LOL, easy there. They don’t concede first innings leads in these parts. Okay, that’s not really true. In the 44 Tests they have played in India since 2013, they have given away the lead on six occasions, with the most recent one coming in New Delhi the week before last. Coming into the series, Australia were one of only two sides who had managed to take first innings leads in multiple Tests.

It’s why this series was a big enough challenge for India. What followed, though, was very predictable. You give them a millimetre to work with and they are good enough to blow it wide open. So, it was not a surprise to see Australia fold in the manner they did because they gave India the turning circumference of a fire engine to work with.

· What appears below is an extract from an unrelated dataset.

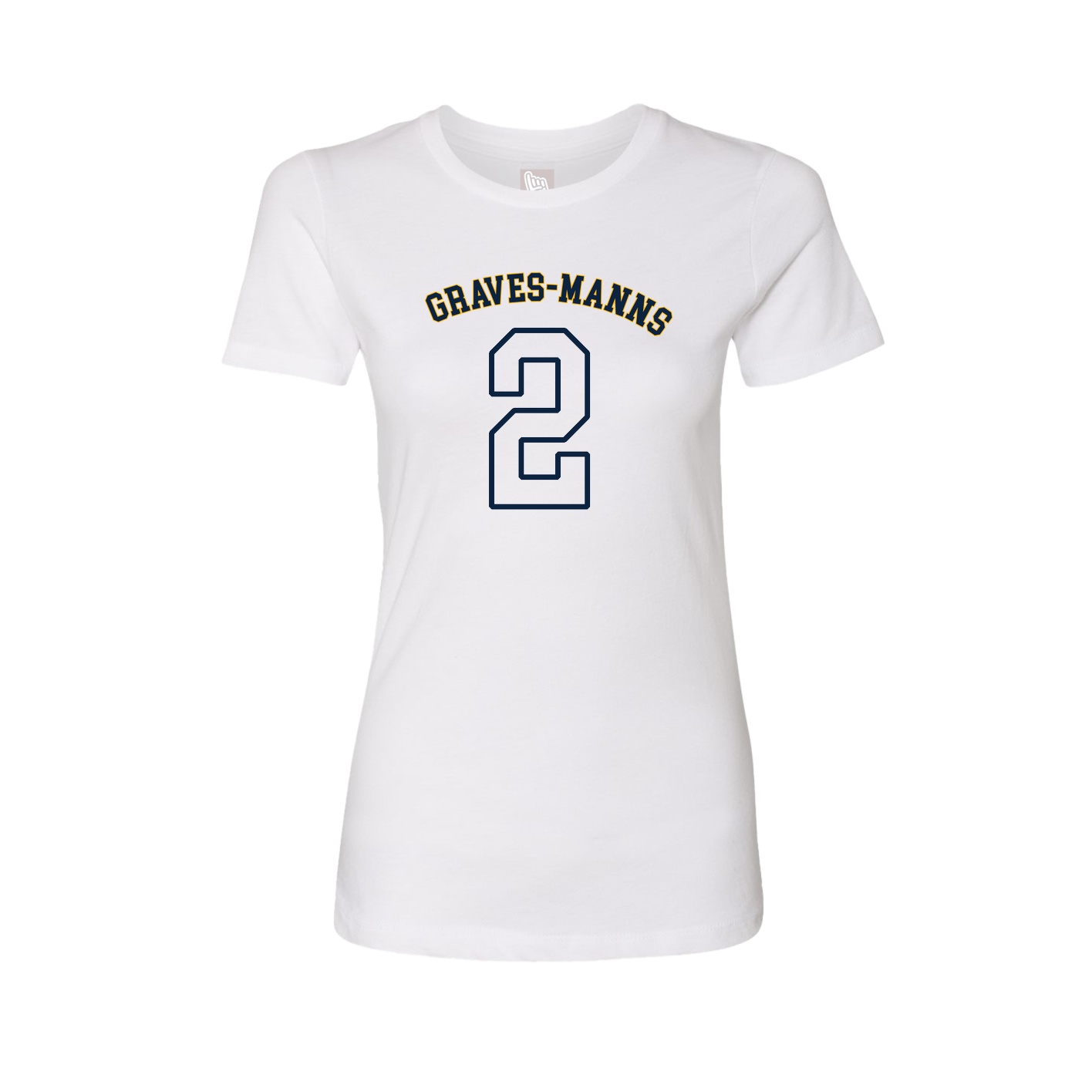 Womens Tee — Shirsey Arch in White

On multiple instances during this series, the commentators have mentioned about how ‘things happen quickly in India’. What that essentially translates to is this: every time you see your TV screen, the number on the wickets column changes. It’s the unrelenting accuracy of the spinners and pacers, the noise of the crowd, nature of the pitch and visiting batters not really trusting their tools.

In the last two years alone, India have bowled out teams inside 36 overs six times (35.5 overs, 28.1 overs, 30.1 overs, 30.3 overs, 31.1 overs and 32.3 overs). Sure, you can blame the pitch but the excuses run out fairly quickly when the Indian lower-order stick around for more overs than the entire opposition line-up.

You can even make a case for saying India’s weakest link -- their sometimes brittle top-order, especially against spin -- would be welcome with open arms by opposition teams. All of this informs why they have built an imposing record.

In essence, touring India can be directly compared to the travails of playing red-ball cricket as a visiting cricketer in Australia in the 90s. A big lead, menacing bowlers with different varieties of zinc oxide on their face, an unapologetic crowd and some of the most talented cricketers to play the game. Remove the zinc cream and the similarities are seemingly endless, even down to how their pacers took wickets while the opposition seamers were an afterthought.    

It’s not that the Australians didn’t know any of this. In a short cricket.com.au video posted on February 6, a whole host of Australian players had their say on the challenge of facing India in India. “I think it’s always been a bit of a crown jewel for Australian touring teams,” southpaw Mitchell Starc had said in the video. “It’s one of, if not the hardest place to play away with such foreign conditions (and) how strong the Indian team is at the moment as well.”

Steven Smith, one of only four visiting captains to have tasted a win in Indian conditions since 2010 (Alastair Cook, Joe Root and Graeme Smith are the others), was even more intimate. “It’s a difficult place to win a Test, let alone a series,” Smith had said. “I think if you can win in India, that would be bigger than an Ashes series.”

As the caravan moves from New Delhi to Indore, the visitors, further depleted by the absence of regular skipper Pat Cummins but bolstered by the likely inclusions of Starc and Cameron Green, will work towards reducing the wrongs of the previous two Tests. The hosts, though, are in a position of strength. At this point in time, they only need to turn up and they are already in a position of ascendancy.

Like Calaway used to do at WrestleMania.